WORK REQUIRED: Omit the pictures and return every entry exactly as written.

RECORDS FOR THE EXERCISE:

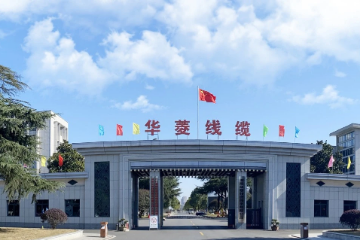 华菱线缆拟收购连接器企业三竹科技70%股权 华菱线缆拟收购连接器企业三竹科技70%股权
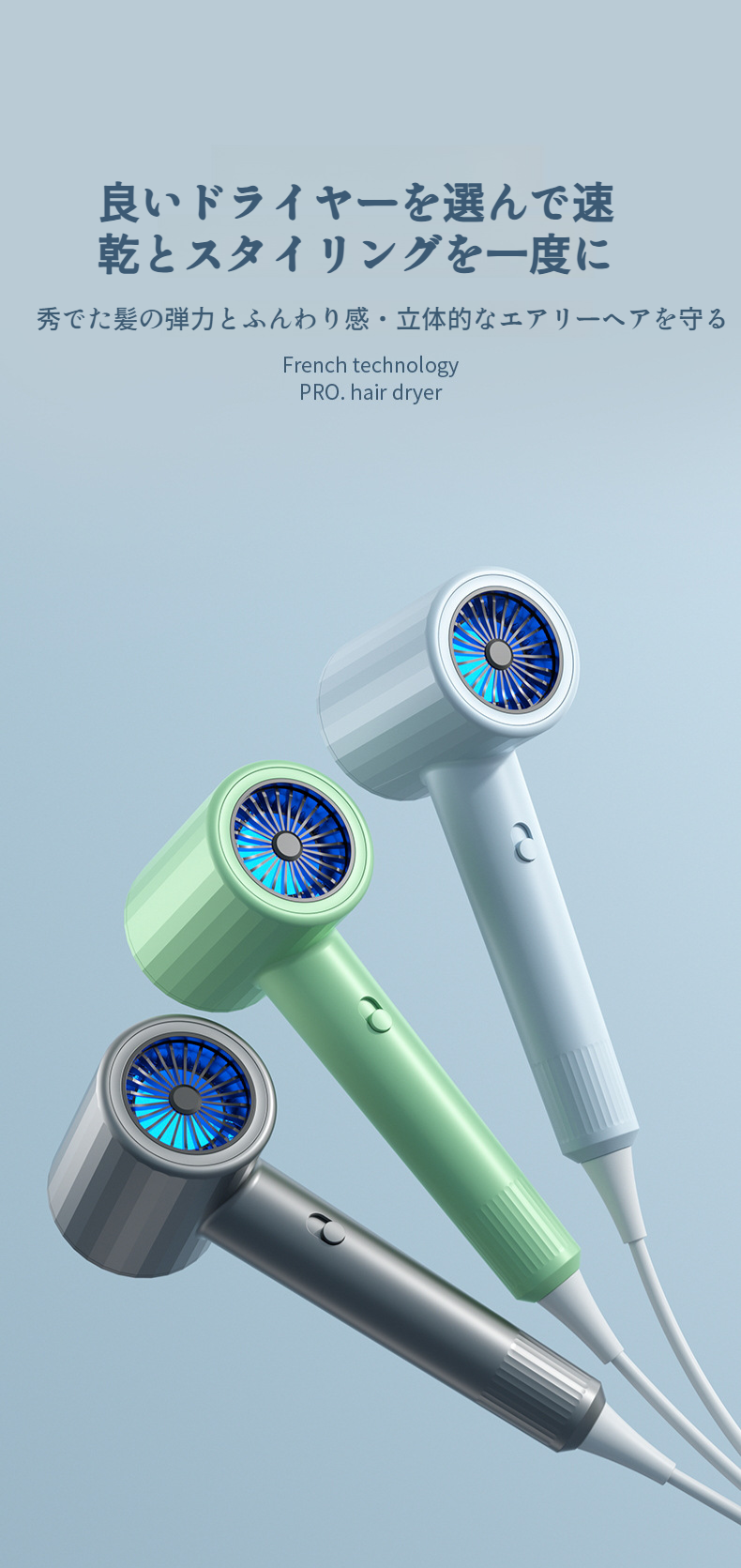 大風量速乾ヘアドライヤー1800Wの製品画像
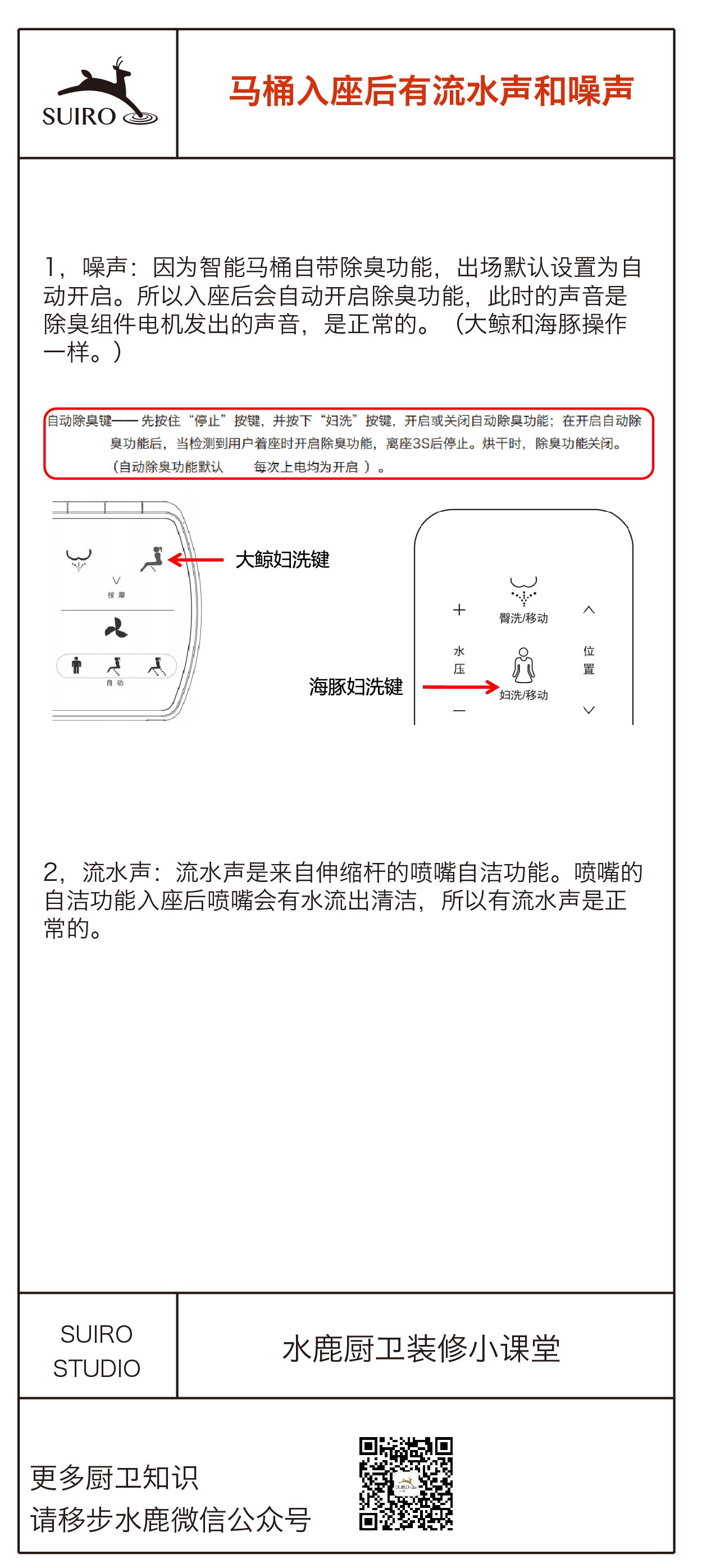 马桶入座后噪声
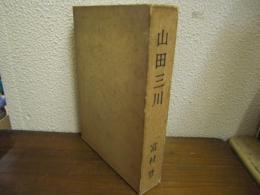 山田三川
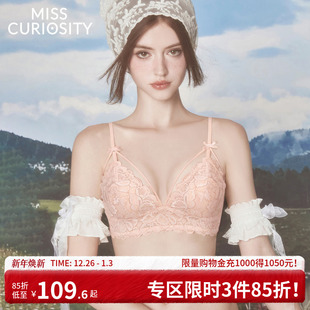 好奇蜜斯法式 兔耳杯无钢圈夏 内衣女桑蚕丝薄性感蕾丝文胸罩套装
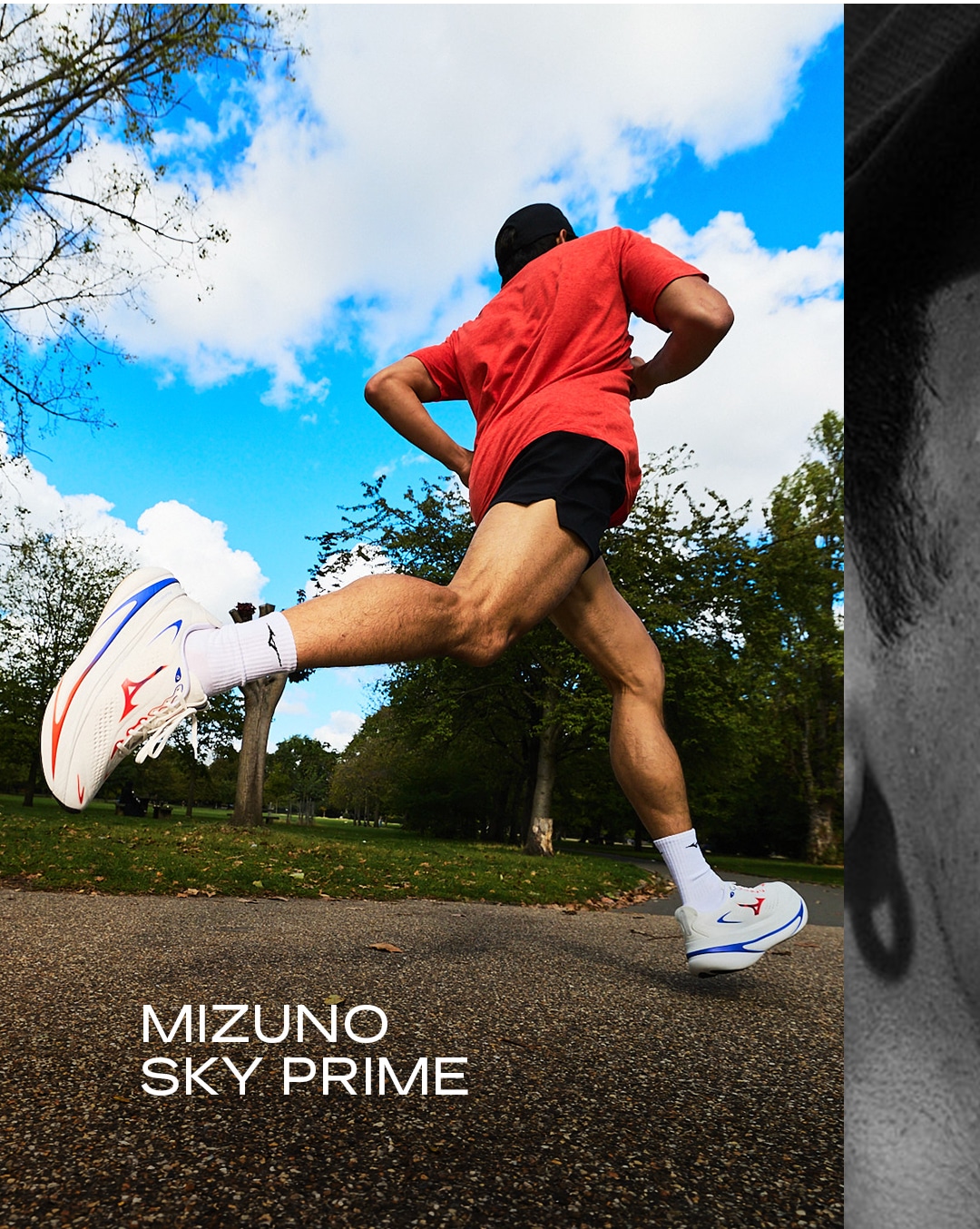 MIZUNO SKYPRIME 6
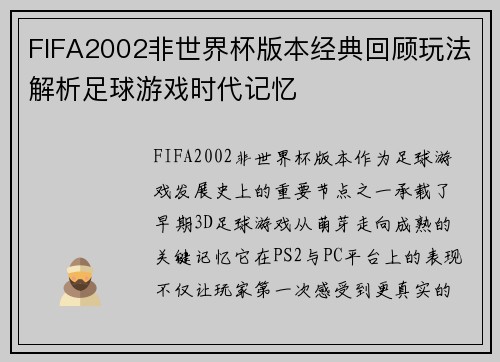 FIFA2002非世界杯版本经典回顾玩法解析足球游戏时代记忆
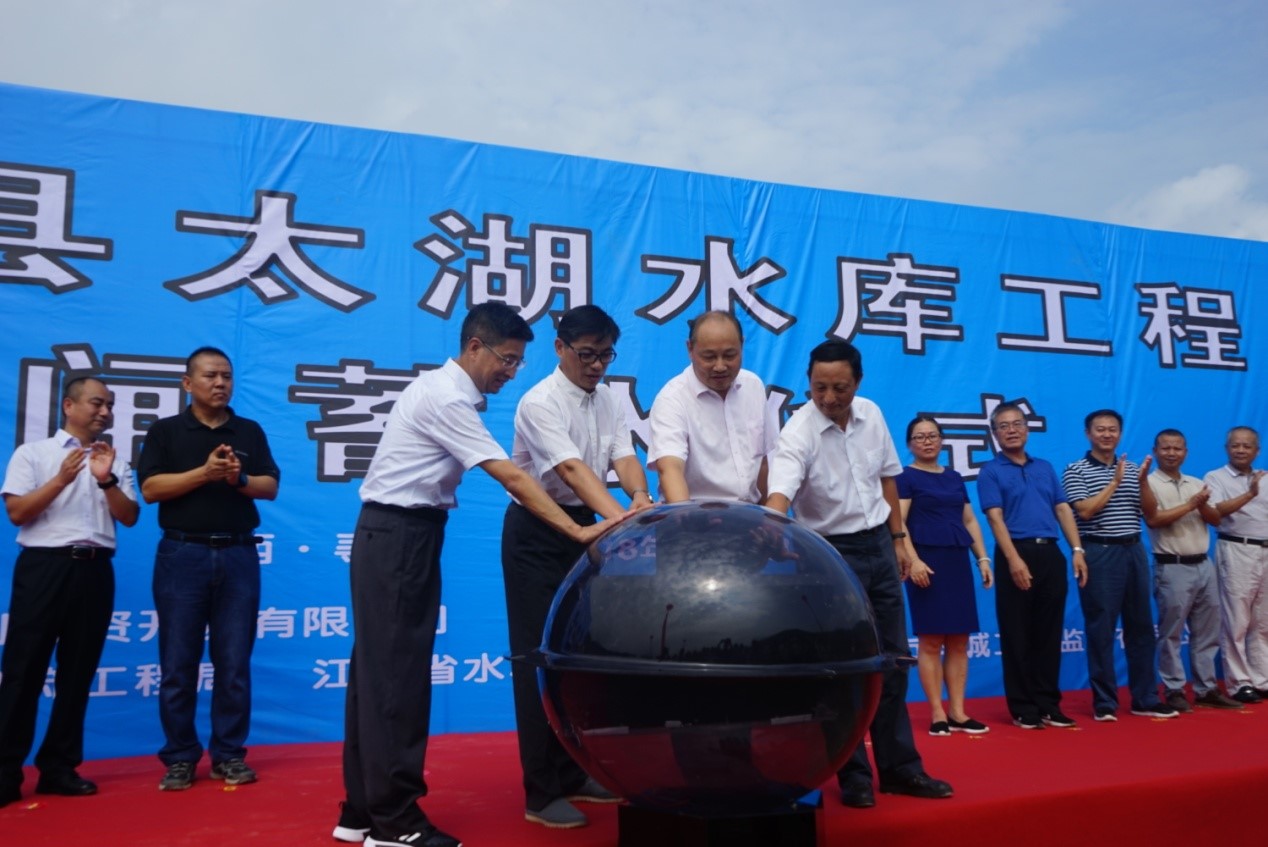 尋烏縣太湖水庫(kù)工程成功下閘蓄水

EXERCISE RESULT:
 华菱线缆拟收购连接器企业三竹科技70%股权 华菱线缆拟收购连接器企业三竹科技70%股权
 大風量速乾ヘアドライヤー1800Wの製品画像
 马桶入座后噪声
 山田三川
 好奇蜜斯法式 兔耳杯无钢圈夏 内衣女桑蚕丝薄性感蕾丝文胸罩套装
 MIZUNO SKYPRIME 6
 FIFA2002非世界杯版本经典回顾玩法解析足球游戏时代记忆
 尋烏縣太湖水庫(kù)工程成功下閘蓄水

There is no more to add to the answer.